In [None]:
import pysr

pysr.install(precompile=False)

In [None]:
import sympy
import numpy as np
from matplotlib import pyplot as plt
from pysr import PySRRegressor
from sklearn.model_selection import train_test_split

# Introduction
To start the project first I am going to see to what extent PySR is capable by varying:
- seed
- error
- number of points


Let´s start with the function
$$ f(x)=113 \cdot e^{-2(x-1)^2 }$$
in which each point has a poisson distribution with average value $f(x)$


In [None]:
np.random.seed(0)
n = 3000
X = 6 * np.random.rand(n,2)-3
H = 113 * np.exp(-2 * (X[:, 0]-1) * (X[:, 0]-1))
y = np.random.poisson(H, n)

Let's vizualize our dataset:

In [None]:
plt.scatter(X[:,0], y, alpha=0.2)
plt.xlabel("$x$")
plt.ylabel("$y$")

Starting our symbolic regression algorithm...

In [None]:
model = PySRRegressor(
    niterations=5,
    populations=100,
    binary_operators=["plus", "mult"],
    unary_operators=["exp"],
)
model.fit(X, y)

In [None]:
model.sympy()

We can see that the equation of our regression looks nothing like the one we started with.

Two ideas follow:
- Increasing the complexity of the exponential operator;
- Increasing the number of points of our dataset;

This is a problem that has nothing to do with the seed nor with the error, as PySR is perfecly cpable of handling with a Poisson distribution.

Still, we can see that the curve adjusts somewhat well to our dataset.
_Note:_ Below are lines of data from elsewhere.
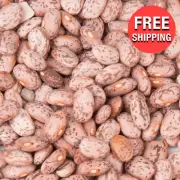 Commercial 20 lb. Dried Pinto Beans Kitchen Restaurant Food Bulk Pantry Supply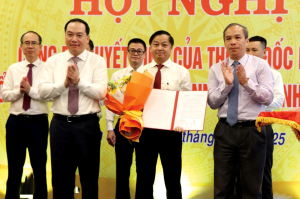 Hình nhỏ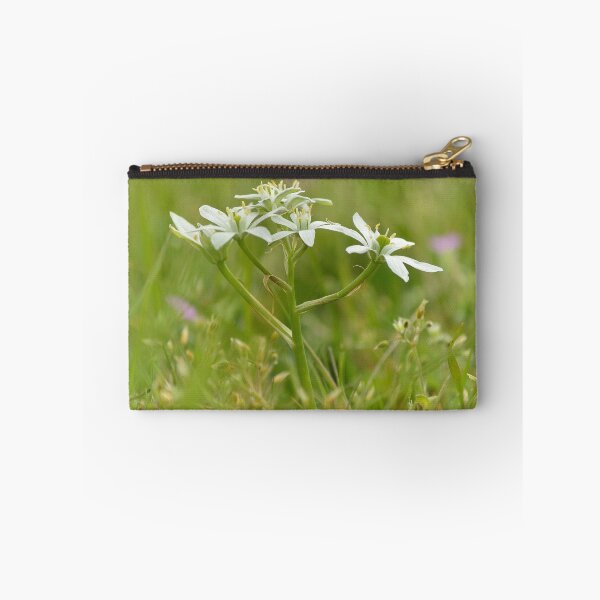 Item preview, Star of Bethlehem designed and sold by Vanja Rosenthal.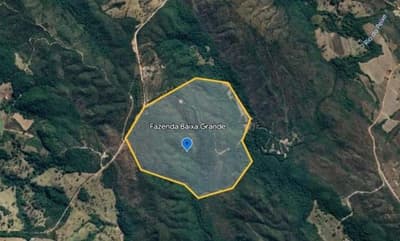 Area Rural em leilão em Vianópolis - GO — IMÓVEL RURAL COM ÁREA TOTAL DE 73,4496 hectares. EM VIANÓPOLIS-GO, AVALIADO EM R$ 3.030.921,95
The only thing is that the expression is much uglier than the one we wanted to find.

In [None]:
best_idx = model.equations_.query(
    f"loss < {2 * model.equations_.loss.min()}"
).score.idxmax()
model.sympy(best_idx)
plt.scatter(X[:, 0], y, alpha=0.1)
y_prediction = model.predict(X, index=best_idx)
plt.scatter(X[:, 0], y_prediction)

So let´s do the same thing, with another seed, but now with double the points in the dataset:

In [None]:
np.random.seed(1)
n = 6000
X = 6 * np.random.rand(n,2)-3
H = 113 * np.exp(-2 * X[:, 0] * X[:, 0])
y = np.random.poisson(H, n)

model = PySRRegressor(
    niterations=5,
    populations=100,
    binary_operators=["plus", "mult"],
    unary_operators=["exp"],
)
model.fit(X, y)

In [None]:
model.sympy()

In [None]:
best_idx = model.equations_.query(
    f"loss < {2 * model.equations_.loss.min()}"
).score.idxmax()
model.sympy(best_idx)
plt.scatter(X[:, 0], y, alpha=0.1)
y_prediction = model.predict(X, index=best_idx)
plt.scatter(X[:, 0], y_prediction)

The problem appears to be the same. Now let´s test with the same dataset but increasing the exponential's complexity.

In [None]:
model = PySRRegressor(
    niterations=5,
    populations=100,
    binary_operators=["plus", "mult"],
    unary_operators=["exp"],
    complexity_of_operators={"exp": 2},
)
model.fit(X, y)

In [None]:
model.sympy()

In [None]:
best_idx = model.equations_.query(
    f"loss < {2 * model.equations_.loss.min()}"
).score.idxmax()
model.sympy(best_idx)
plt.scatter(X[:, 0], y, alpha=0.1)
y_prediction = model.predict(X, index=best_idx)
plt.scatter(X[:, 0], y_prediction)